Children with history of asthma/wheezing were older than the other two groups and more commonly African American, while the majority of White children were otherwise healthy. Temperature was higher in previously healthy children, with no differences in other signs or symptoms at presentation. Blood cultures were more commonly obtained in patients with chronic medical conditions (47%) compared with otherwise healthy children (2%) or children with asthma (19%; p<0001) and were all negative. Similarly urine cultures were obtained in 22% of children with chronic medical conditions compared to 16% in healthy children and 1% in the asthma group, p<0.001). The three positive urine cultures were all identified in patients with chronic medical conditions who also had genitourinary abnormalities. In regards to clinical outcomes, PICU admission was more common in children with asthma; however, those with complex medical conditions had a significantly longer PICU stay as well as total hospital stay.

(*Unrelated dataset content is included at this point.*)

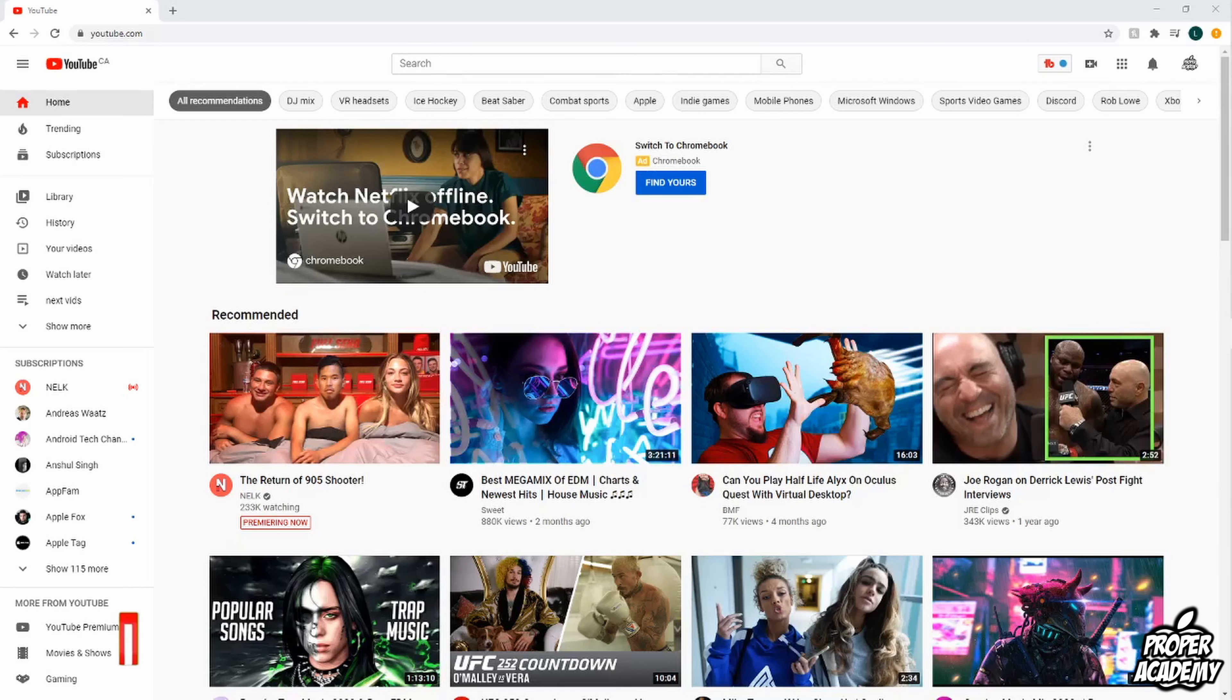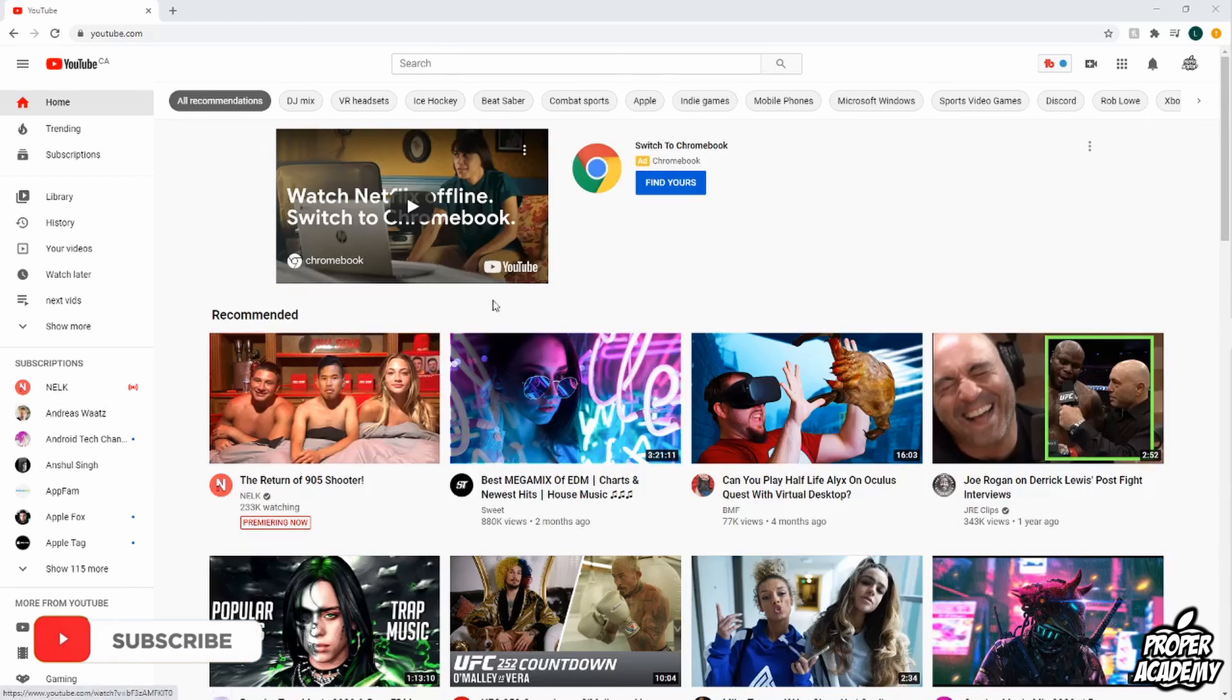Really easy to do. You just want to head over to YouTube on your web browser and you just want to log into your YouTube account.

In addition, patients with chronic medical conditions were more likely to require invasive ventilatory support and received supplemental oxygen significantly longer. No cases of acute flaccid myelitis or deaths were identified in any of the EV-D68 groups.

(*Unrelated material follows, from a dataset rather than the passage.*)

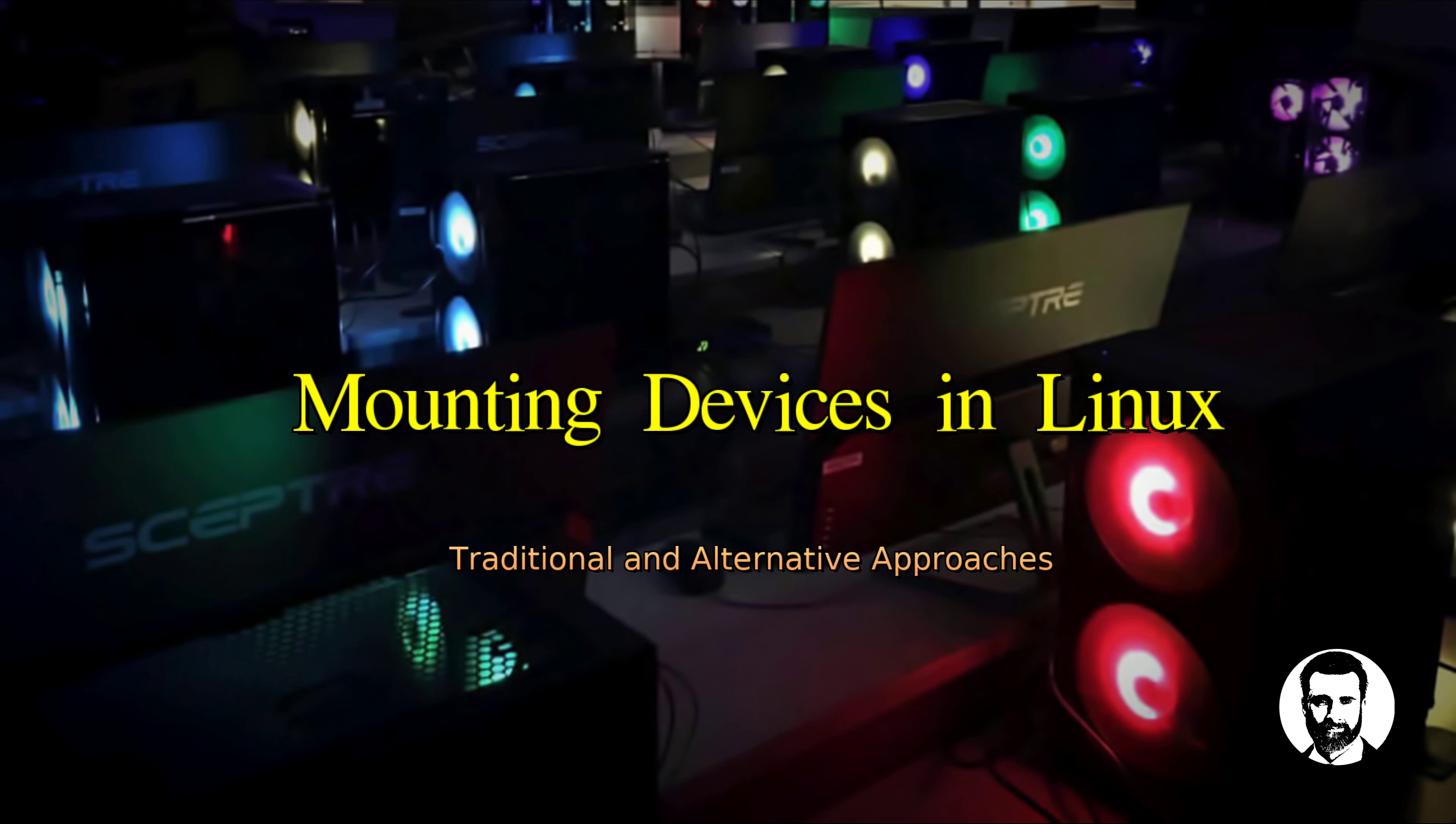Hello, welcome back to Linux. It is good to be back. We're now going to look at mounting devices in Linux, a traditional viewpoint and also a little bit of an alternative approach to doing that.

Relative viral burden (Ct values) was measured in all of the EV-D68 patients and was not significantly different between groups. There were no significant correlations between viral burden and age, length of stay, maximum temperature or duration of supplemental oxygen (p > 0.05). We also compare EV-D68 Ct values between patients requiring PICU admission versus those who were hospitalized in the ward and did not find significant differences (p = 0.90).

EV-D68 identification in non-outbreak years

Following the scheme used for sample selection during the 2014 outbreak, we randomly selected available NP samples that tested positive for RV/EV from previous years (8/12 through 9/15 of 2011, 2012, and 2013) based on availability and sample integrity. Of the 1,753 samples sent for viral testing during the periods specified, 40% (702/1,753) tested positive for RV/EV. Approximately 20% of positive RV/EV samples (130/702) equally distributed between years (43 in 2011, 43 in 2012 and 44 samples in 2013) were tested for EV-D68 by PCR. Ninety percent of these samples tested negative for EV-D68, while 13 samples (five from 2011, three from 2012, and five from 2013) (10%) tested positive. The proportion of patients with EV-D68 infection from 2011 to 2013 were significantly lower compare with the 2014 outbreak (p <0.001). These patients had a similar presentation to patients diagnosed with EV-D68 during the 2014 outbreak (S1 Fig).

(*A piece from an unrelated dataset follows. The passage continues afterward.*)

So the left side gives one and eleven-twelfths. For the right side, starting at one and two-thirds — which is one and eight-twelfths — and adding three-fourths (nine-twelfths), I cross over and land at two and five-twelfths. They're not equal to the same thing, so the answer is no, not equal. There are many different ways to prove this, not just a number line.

EV-D68 sequencing across seasons

Based on sample availability and nucleic acid quality, 77 (38%) EV-D68 positive samples (6 from 2011–2013 and 71 from 2014 from Nationwide Children’s Hospital [NCH]) were further sequenced based on the partial VP1 region. Forty-four of the 77 NCH samples (39 from 2014, one from 2012 and four from 2011) had high quality sequences representing the partial VP1 region (corresponding to the 120–750 amino acids position of the prototype Fermon strain), and were included in the analysis. All the NCH strains demonstrated more than 85% sequence identity to the VP1 region of the prototype Fermon strain indicating confirmed identity as EV-D68. [15] The strains were 97.20% identical to each other. Sequence identity was 98.20% among the 39 NCH strains sequenced during the 2014 outbreak and 99.34% among the four 2011 NCH strains. The 2012 strain showed only 88.41% sequence identity to other NCH strains.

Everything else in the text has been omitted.